Try it
Within the listing below, give again exactly the lines between the one containing "Artdot Diamond Painting" and the one containing "People watch the", inclusive, pictures left aside.

Records shown
========

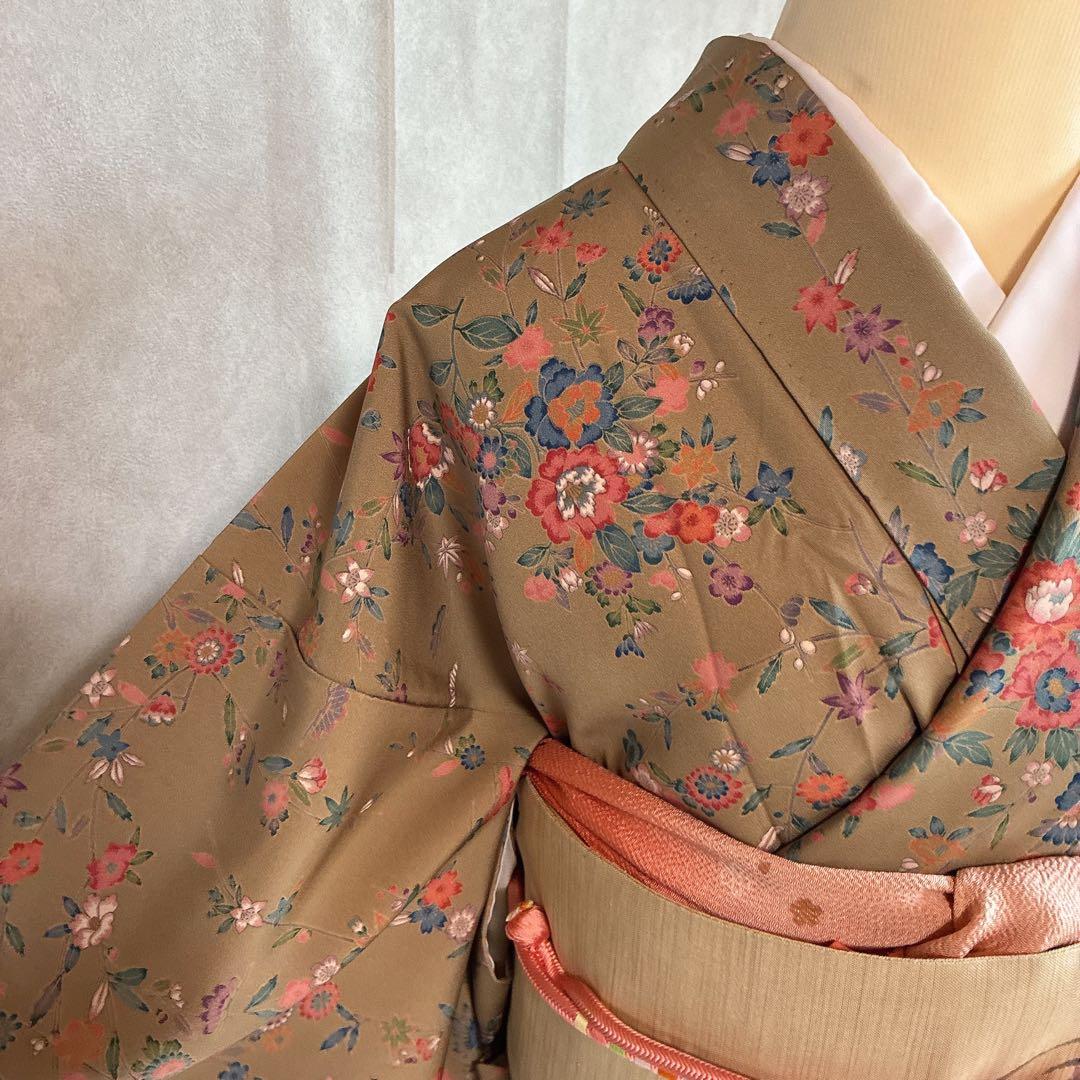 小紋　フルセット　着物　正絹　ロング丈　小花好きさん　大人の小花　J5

========

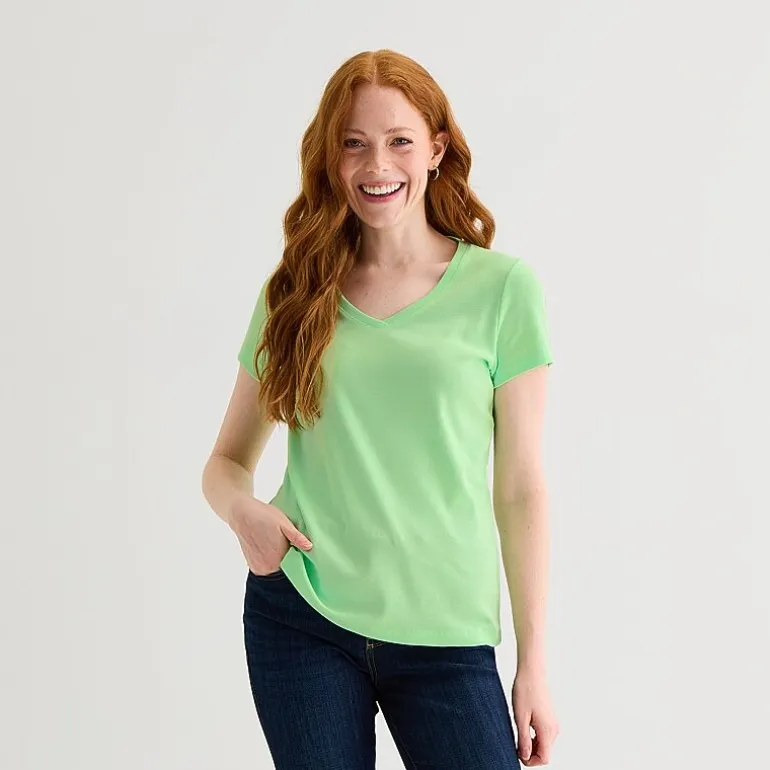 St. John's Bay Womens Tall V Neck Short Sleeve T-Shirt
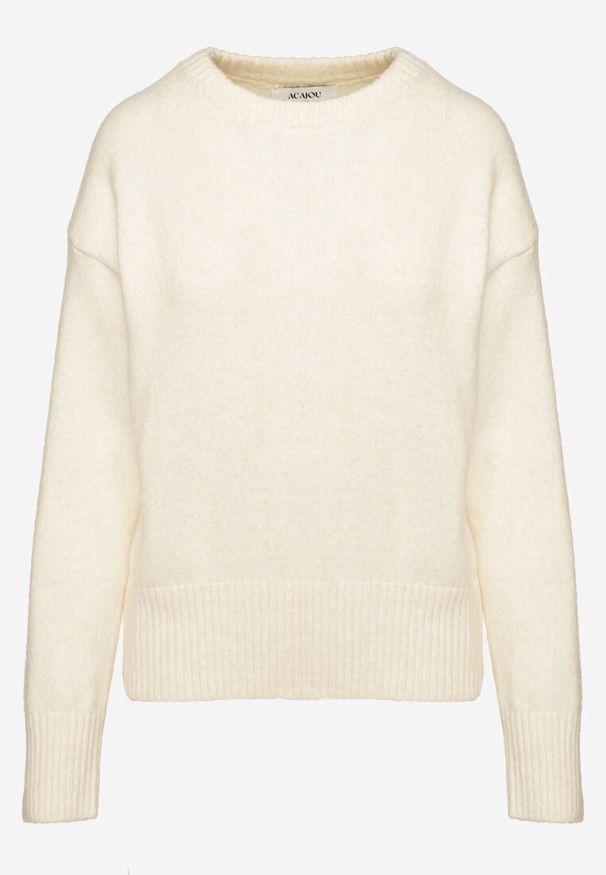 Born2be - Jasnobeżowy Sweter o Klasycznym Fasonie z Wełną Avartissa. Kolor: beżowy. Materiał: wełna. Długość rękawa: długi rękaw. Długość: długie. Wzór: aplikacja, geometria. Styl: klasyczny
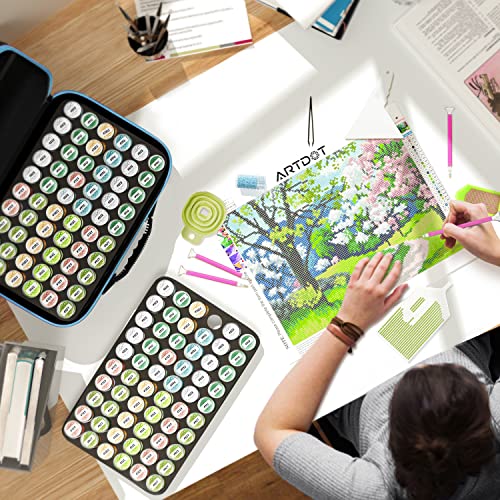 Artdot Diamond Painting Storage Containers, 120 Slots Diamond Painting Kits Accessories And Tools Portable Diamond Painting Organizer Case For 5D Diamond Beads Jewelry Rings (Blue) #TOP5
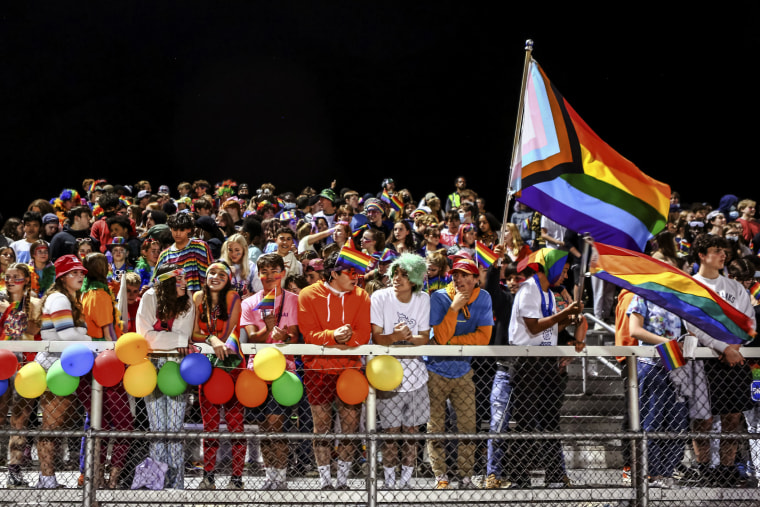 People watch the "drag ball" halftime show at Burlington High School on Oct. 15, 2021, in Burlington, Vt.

========

Answer to this task
 Artdot Diamond Painting Storage Containers, 120 Slots Diamond Painting Kits Accessories And Tools Portable Diamond Painting Organizer Case For 5D Diamond Beads Jewelry Rings (Blue) #TOP5
 People watch the "drag ball" halftime show at Burlington High School on Oct. 15, 2021, in Burlington, Vt.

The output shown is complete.